There were 24 different causes aided by the second Beechworth Barrowthon.
The 88km fundraising weekend walk from Beechworth to Mount Buffalo generated almost $82,000 in donations.
Team Justa and Gunk received $20,000 in support of four-year-old Seamus Clancy from Albury who was diagnosed in May with a rare genetic disease, adrenoleukodystrophy.
ALD affects one in 18,000 boys and leads to permanent disability or death within two to five years of diagnosis.
Barrowthon organiser Guy Wilkinson said the Clancy’s gratitude made for an emotional finish in front of the Mount Buffalo Chalet at midday on Sunday.
“We all paused when Justin Clancy was speaking,” he said.
“He said the lift in his spirits to know he had this support had been really meaningful.
“He’s so pragmatic and just deals with what life has handed them, but it must just be devastating.”
The team raising the next largest amount, Coolangatta Gold with $10,000, took part in a similar vain.
Member Sam Niedra said former Beechworth man Jonny Allen nominated a Byawatha family whose five-year-old, Darcy has Duchenne Muscular Dystrophy.
DMD means Darcy will probably be in a wheelchair by the age of 12.
“The beautiful thing is Darcy’s cousins, grandparents and family all came along and made a weekend of it, greeting us at the halfway point at Porepunkah and again at the top,” Mr Niedra said.

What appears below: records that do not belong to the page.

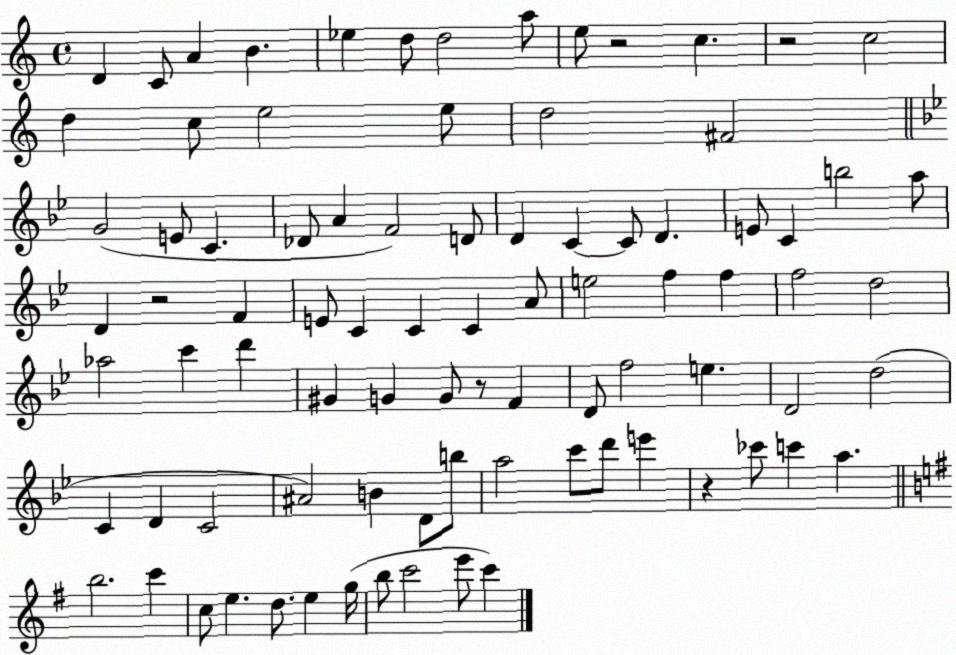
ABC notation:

X:1
T:Untitled
M:4/4
L:1/4
K:C
D C/2 A B _e d/2 d2 a/2 e/2 z2 c z2 c2 d c/2 e2 e/2 d2 ^F2 G2 E/2 C _D/2 A F2 D/2 D C C/2 D E/2 C b2 a/2 D z2 F E/2 C C C A/2 e2 f f f2 d2 _a2 c' d' ^G G G/2 z/2 F D/2 f2 e D2 d2 C D C2 ^A2 B D/2 b/2 a2 c'/2 d'/2 e' z _c'/2 c' a b2 c' c/2 e d/2 e g/4 b/2 c'2 e'/2 c'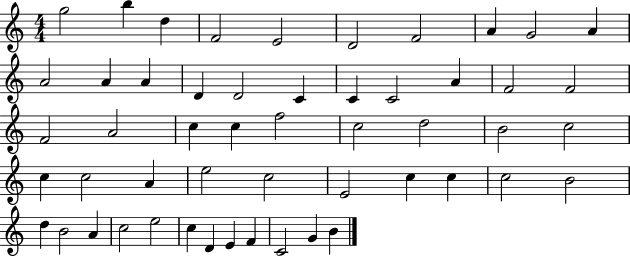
{
  \clef treble
  \numericTimeSignature
  \time 4/4
  \key c \major
  g''2 b''4 d''4 | f'2 e'2 | d'2 f'2 | a'4 g'2 a'4 | \break a'2 a'4 a'4 | d'4 d'2 c'4 | c'4 c'2 a'4 | f'2 f'2 | \break f'2 a'2 | c''4 c''4 f''2 | c''2 d''2 | b'2 c''2 | \break c''4 c''2 a'4 | e''2 c''2 | e'2 c''4 c''4 | c''2 b'2 | \break d''4 b'2 a'4 | c''2 e''2 | c''4 d'4 e'4 f'4 | c'2 g'4 b'4 | \break \bar "|."
}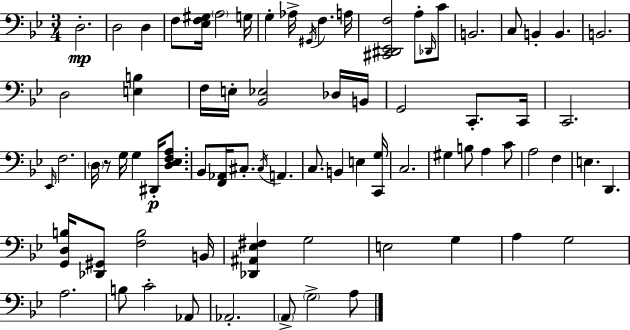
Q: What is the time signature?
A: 3/4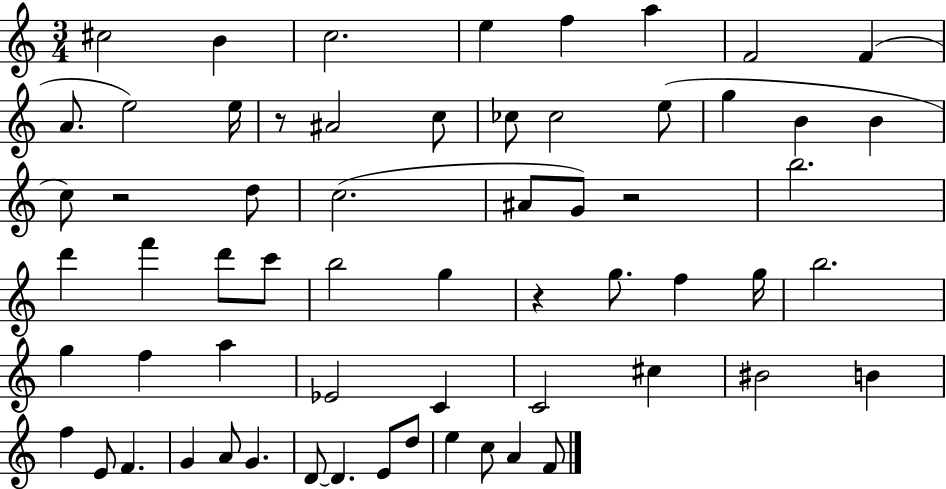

“It’s been a real physical challenge, but we feel really privileged to be able to help out a family with a real need.
“It makes it feel really personal when you’re a parent.”
Mr Wilkinson said the event, which originated from a bet made in 1935, was becoming a staple fundraiser.
“This year we had 240 participants and a whole group of kids, so there was 300 people at some points during the track,” he said.
“Last year it was 100 participants and 17 teams so we were absolutely blown away.
“We’ll definitely do it again next year and most people said to us ‘we’ll see you then’.
“They cross the line exhausted, some in tears – they’re doing it for a reason so there’s this outpouring.”